What key is that in? I have wireless speakers here, and I'm not sure if I am hearing Bing as well as if I had wired speakers.


----------



## Hughv (Jul 22, 2006)

It's in ¥ flat, of course.


----------



## caraewilton (Nov 7, 2007)

Say the mp3 was a recording of a meeting. Talking only, not singing or what ever. Maybe the guy needs a transcription of the meeting. So some sort of voice recognition thing (same concept as ocr, except for talking).

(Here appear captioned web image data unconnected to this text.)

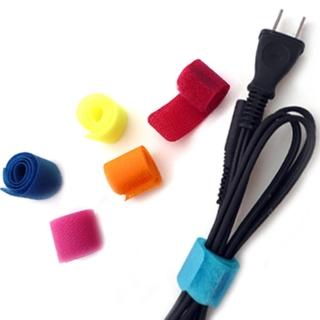 【kiret】彩色魔鬼氈黏扣式收納集線器/電線收納束帶套組(電線收納 整理帶 理線帶 魔術貼)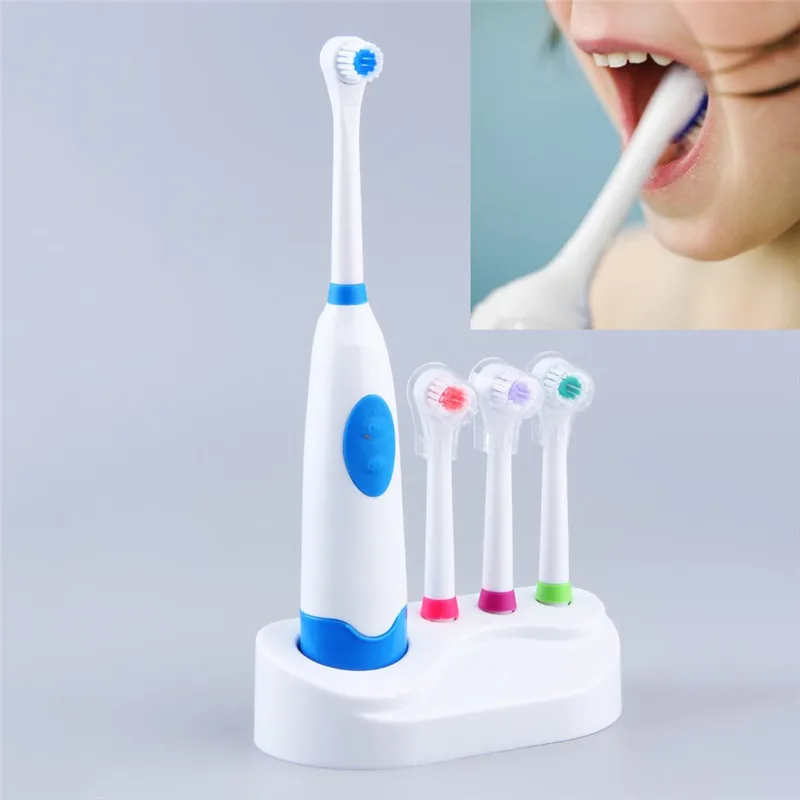 Набор электрических зубных щеток для ухода за полостью рта, сменная зубная щетка с 4 головками для зубных щеток, домашняя прочная зубная щетка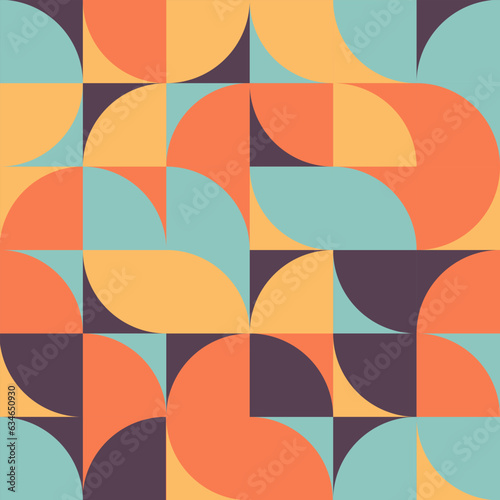seamless pattern with geometry
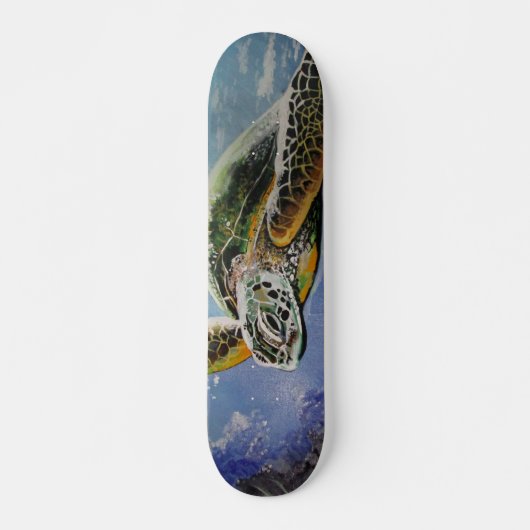 Zee Turtle Persoonlijk Skateboard (Voorkant)
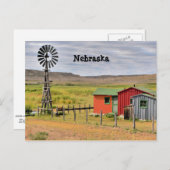 Nebraska Landschaft Foto Postkarte (Vorne/Hinten)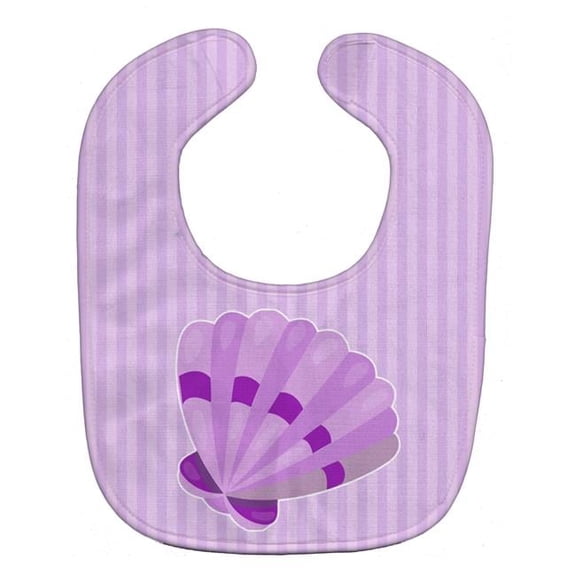 Beach Scallop Shell Baby Bib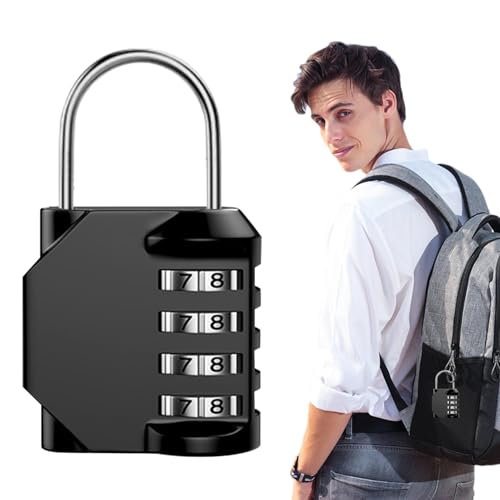 Gym Lock – Zahlenschloss mit 4 Ziffern | zurücksetzbares Zahlenschloss für den Außenbereich | Zahlenschloss für Schließfächer im Fitnessstudio | Kombinationsschloss von Zvn Zojne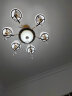 安灯堡客厅吊灯现代简约欧式卧室2024款餐厅书房两用水晶灯饰具套餐702 3头+三色变光LED灯 实拍图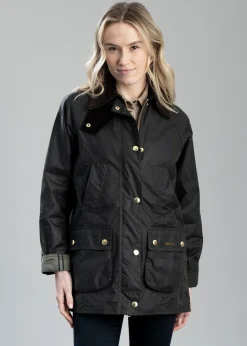Modern Beadnell Wax Jacket - Sage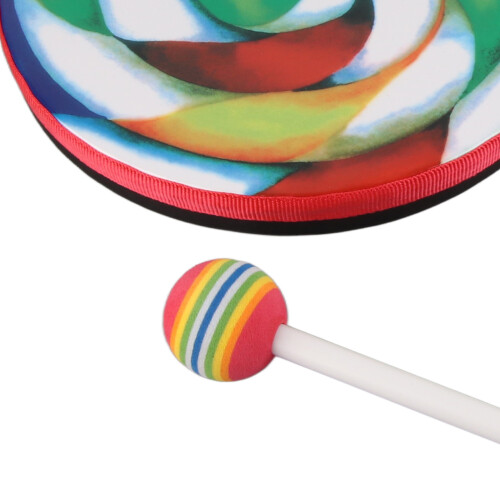 Percussion Handtrommel Regenbogen Kinder 8 Zoll 1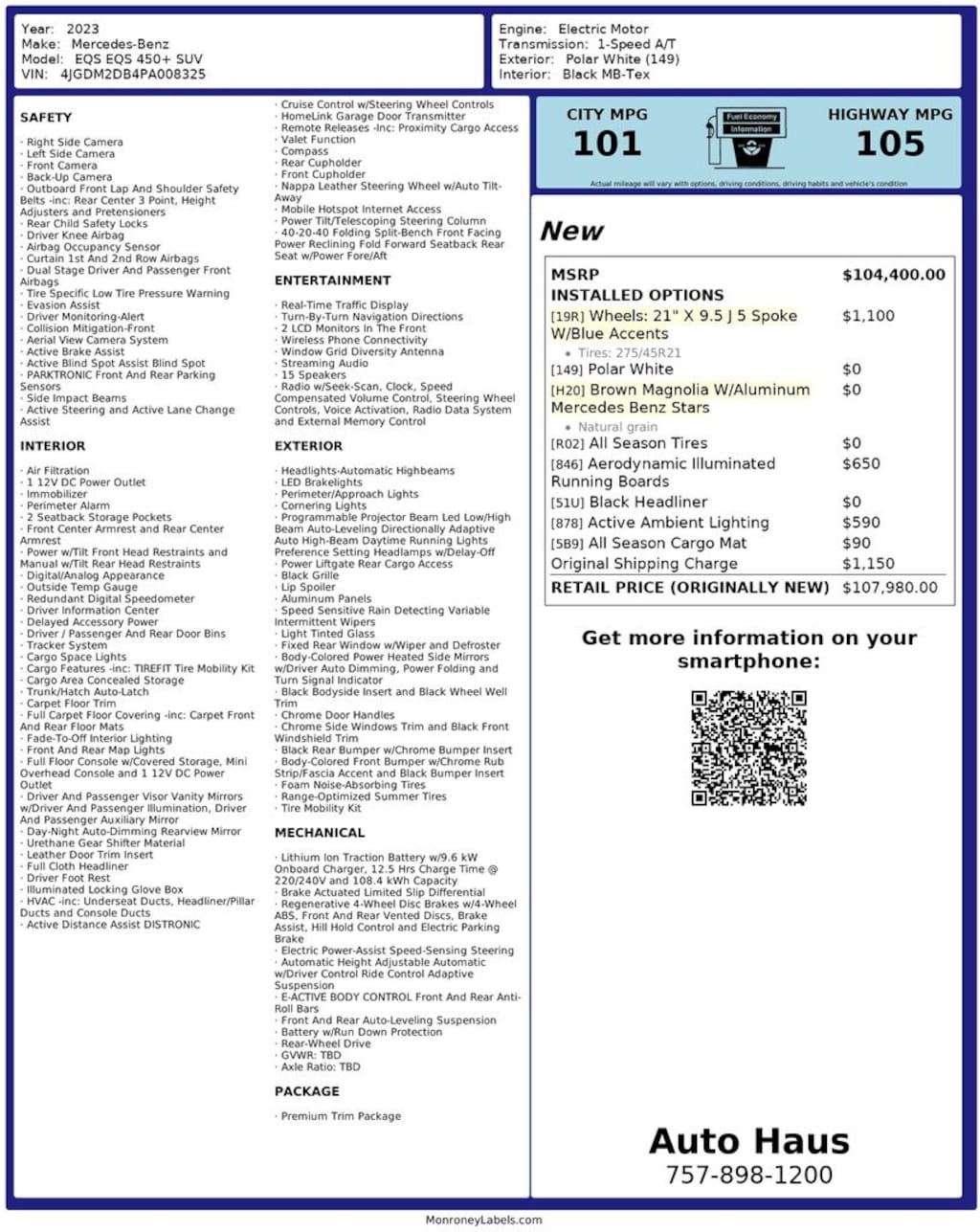 Used 2023 Mercedes-Benz EQS 450 SUV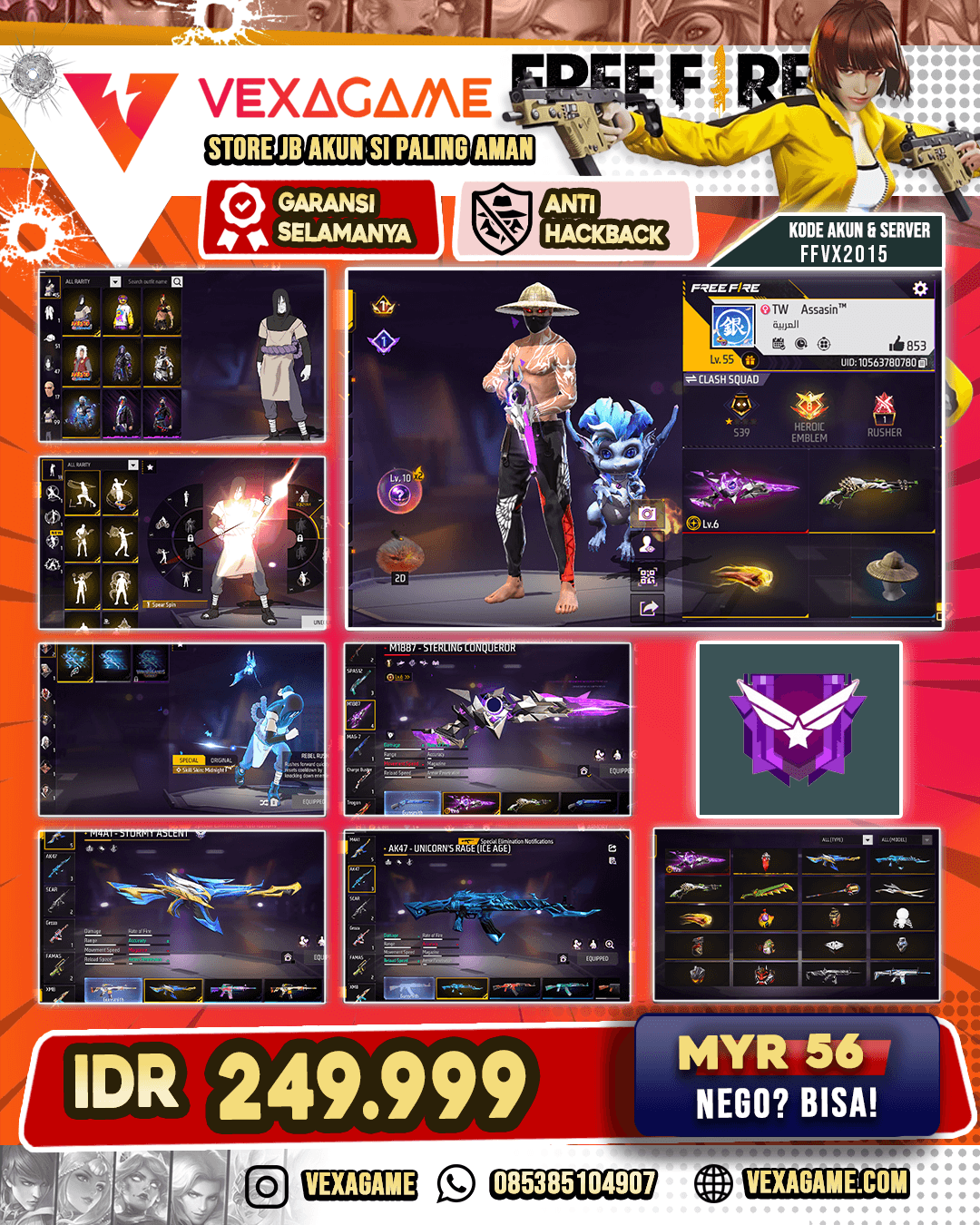 1 EVO OTW MAX | TOPI JERAMI | KATANA ON | VAULT OTW 100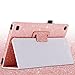 BENTOBEN Kindle Fire 7 Case (Compatible with 7th and 9th Generation Tablet, 2017 and 2019 Releases), Glitter Folio Stand with Stylus Holder Auto Wake/Sleep Protective Case for Amazon Fire 7, Rose Gold
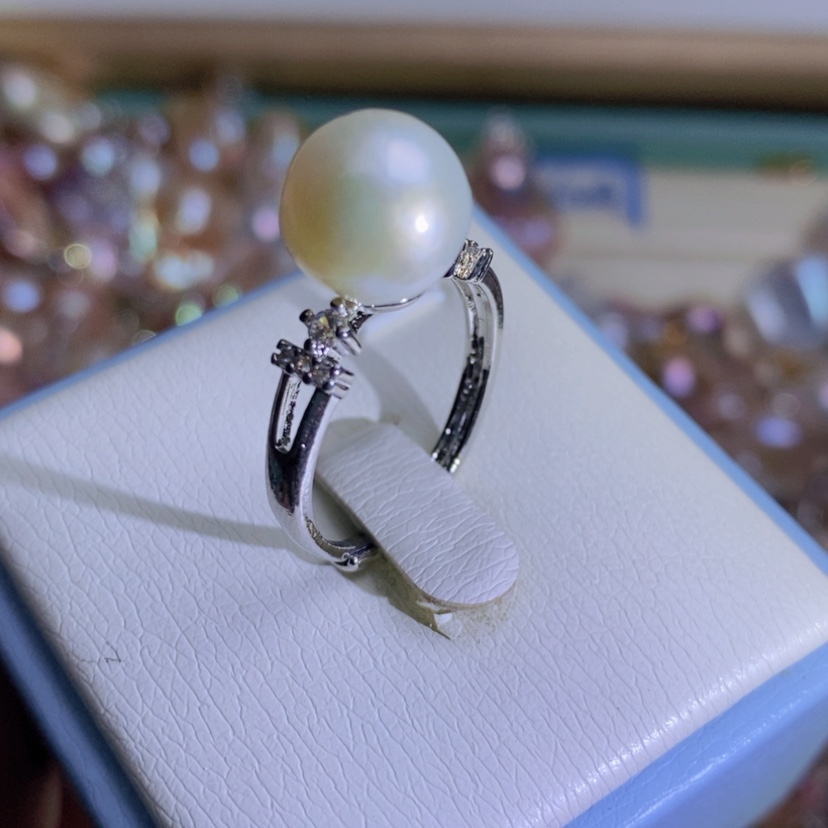 【闪购商品】淡水珍珠天然淡水珍珠（微瑕）合金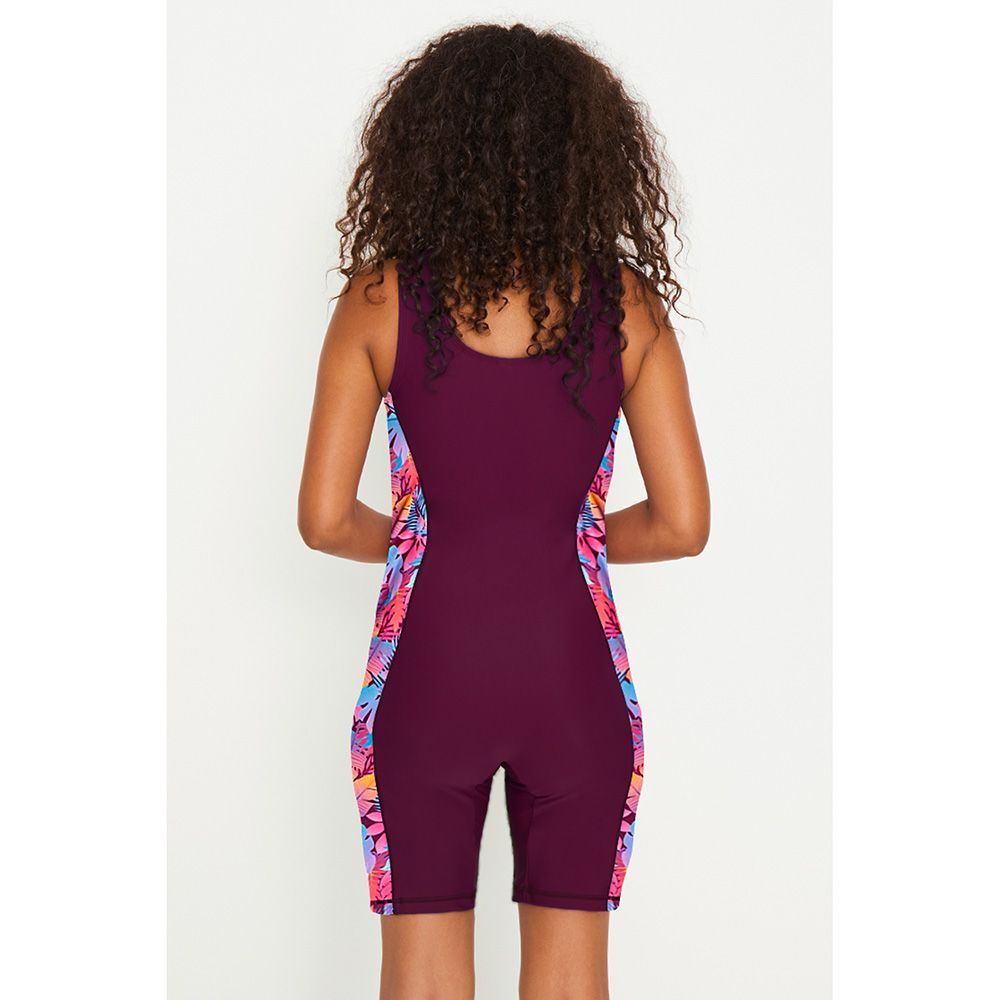 Coega Sunwear - Ladies 1pc Swim Suit - Purple Tropical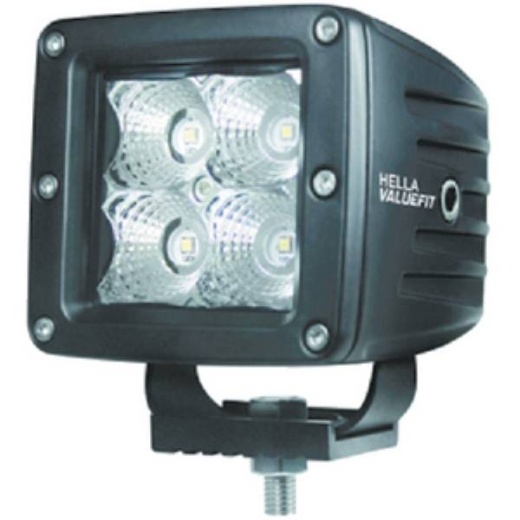 Hella Light Kit-Cube 4 Led Flood - Hella 357204831 Valuefit Cube 4 LED Spot Light Kit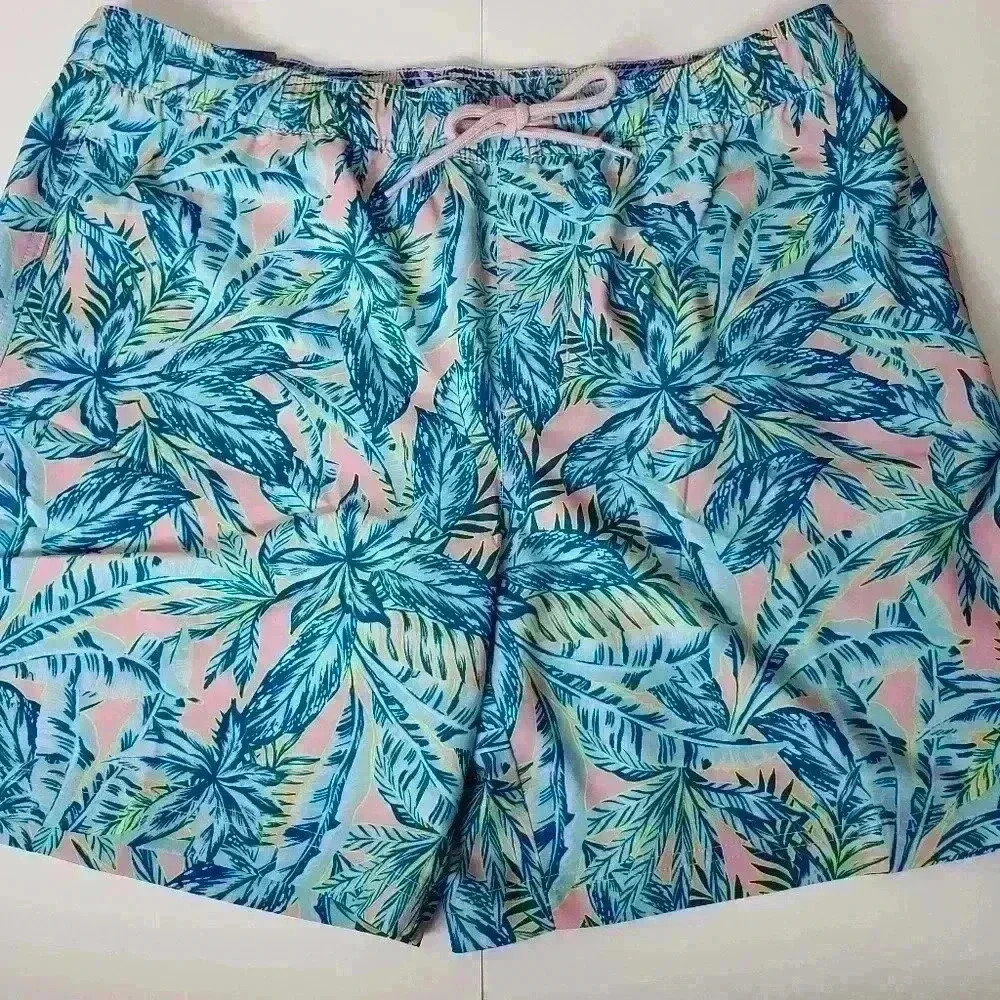 Mens tropical swim trunks New with Tags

I am just speaking hypothetically Just remember a few years ago I had hours of interviews saved as mp3's which I had to then painstakingly listen to and type up for my research project. At the time I remember thinking it would be pretty cool if such a thing existed.


----------



## slurpee55 (Oct 20, 2004)

Well, such a thing exists Cara - called a secretary.....


----------



## caraewilton (Nov 7, 2007)

Ha, ha, ha...


----------



## slurpee55 (Oct 20, 2004)

Actually, if Cara's guess is right and what you want mandeep is essentially a transcription, something like Dragon NaturallySpeaking might be able to work for you if you played the mp3 for it - but only in a limited sense, for it has to be trained to vocal nuances, and multiple speakers will muddle the results. If the mp3s are all, of, say a professor you are going to the classes of, or are your own notes to yourself, the odds of it working get better - especially if it is you, for you can train the program first, then play the mp3s.


----------



## caraewilton (Nov 7, 2007)

Mind you, the secretary may be easier to train


----------



## slurpee55 (Oct 20, 2004)

Hmmm, never tried to train a secretary....how does one do that? Treats and a rolled up newspaper?


----------



## ChuckE (Aug 30, 2004)

Actually, I always thought it was vocal mp3 files that Mandeep was talking about. But since s/he was never very clear, and never got back to us to clarify, I allowed my humor to show through (such as it is) and purposefully bend the direction of where this headed. It was all preposterous to even consider the conversion of songs to lyrics. But it was all in fun.

Mandeep, if you are reading any of this, you really ought to consider coming back with some more detail. Otherwise ... who knows where else we are going to drag this topic (all in fun, of course).


----------



## slurpee55 (Oct 20, 2004)

I was hoping to convert "CHUCKY'S ANIMATED THEME" from Child's Play....


----------